> **Exercise requirements**:
All of the records below should be retyped exactly, with no pictures included.

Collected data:
== Segment start ==
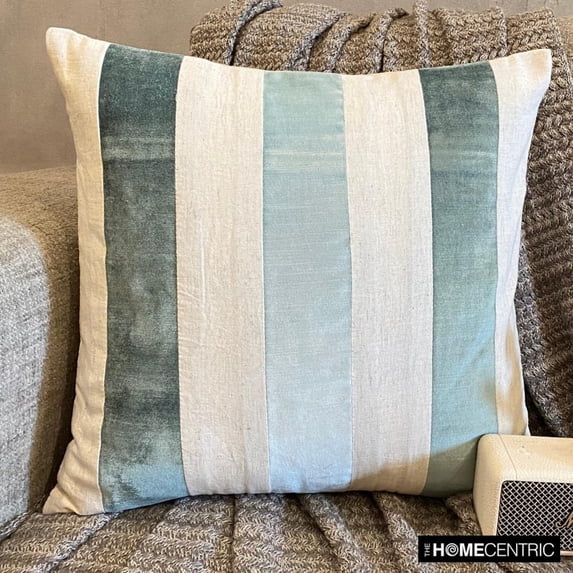 The HomeCentric Decorative Throw Pillow covers Blue 16"x16" (40x40 cm) Velvet Striped And Linen Cushion Covers For Sofa, Patchwork Modern Style - Velvet Band Ice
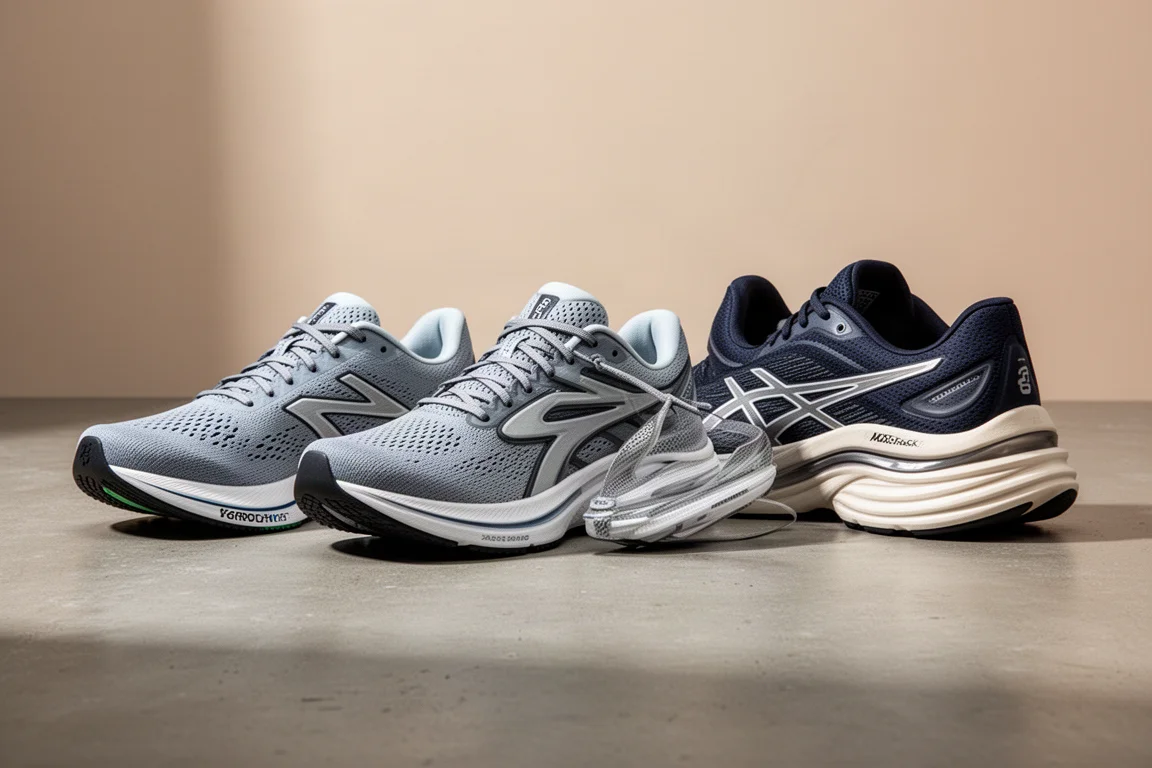 Three running shoes arranged in a row on a concrete studio surface
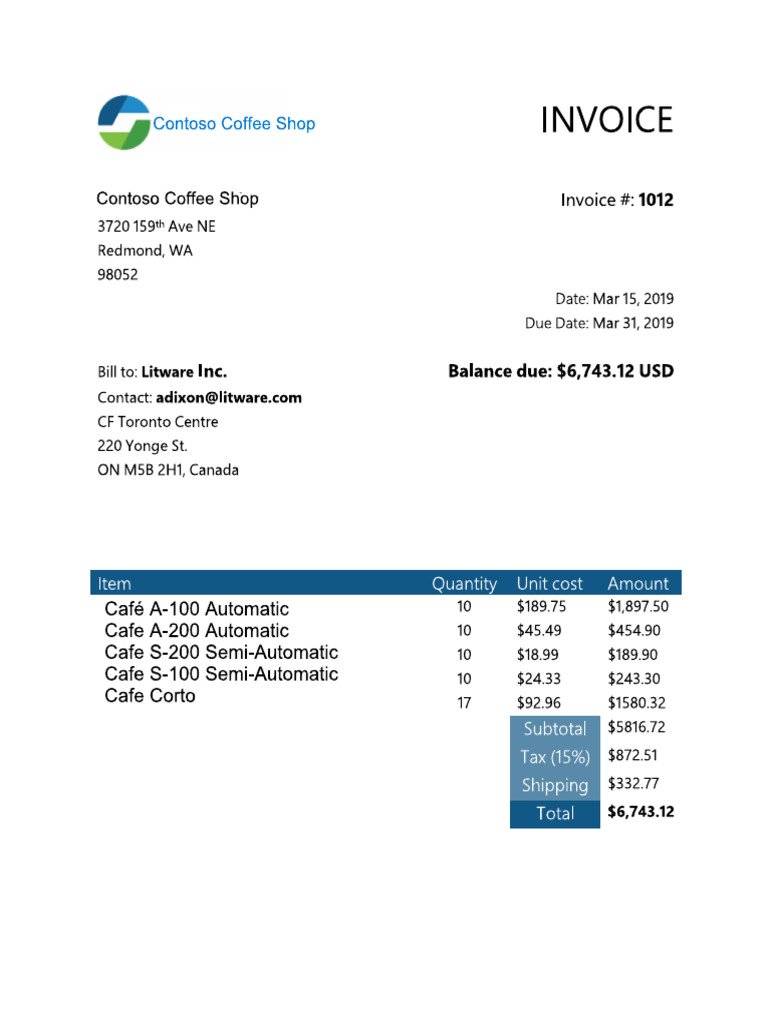 Contoso INVOICE (Litware CAN) | PDF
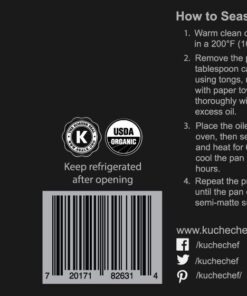 Organic Cast Iron Oil & Cast Iron Conditioner (8 oz) – Made from Flaxseed Oil grown and pressed in the USA – Creates a Non-Stick Seasoning on All Cast Iron Cookware 8 Fl Oz (Pack of 1) 11 61rqALbSrJL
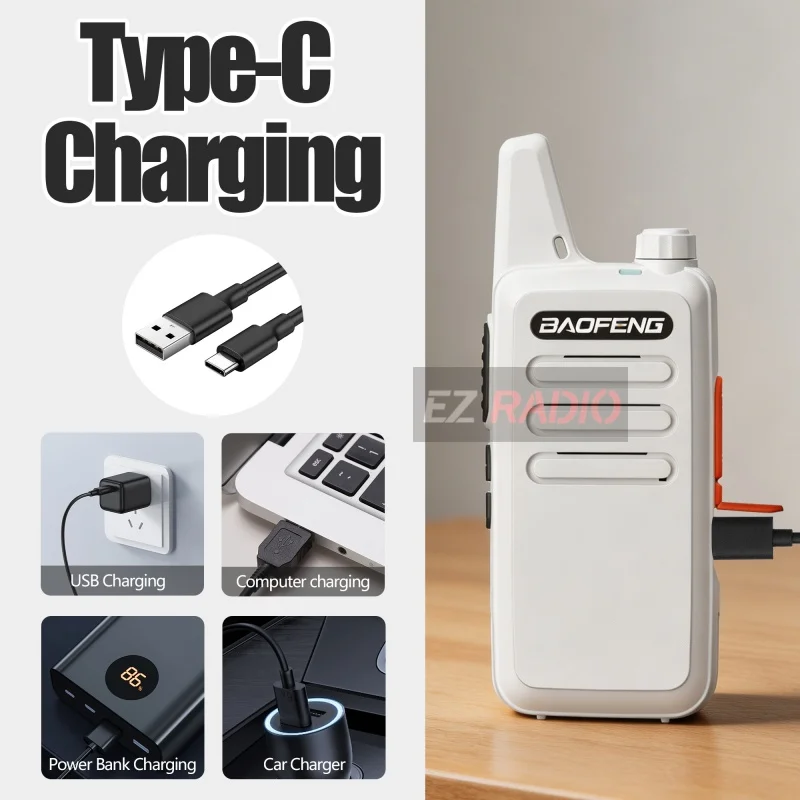 2PCS Mini Walkie Talkie Baofeng BF-T20D Portable Two Way Radios Charging USB VOX for Outdoor Camping Hotel Communicator Hunting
== Segment end ==
> **Your response**:
 The HomeCentric Decorative Throw Pillow covers Blue 16"x16" (40x40 cm) Velvet Striped And Linen Cushion Covers For Sofa, Patchwork Modern Style - Velvet Band Ice
 Three running shoes arranged in a row on a concrete studio surface
 Contoso INVOICE (Litware CAN) | PDF
 Organic Cast Iron Oil & Cast Iron Conditioner (8 oz) – Made from Flaxseed Oil grown and pressed in the USA – Creates a Non-Stick Seasoning on All Cast Iron Cookware 8 Fl Oz (Pack of 1) 11 61rqALbSrJL
 2PCS Mini Walkie Talkie Baofeng BF-T20D Portable Two Way Radios Charging USB VOX for Outdoor Camping Hotel Communicator Hunting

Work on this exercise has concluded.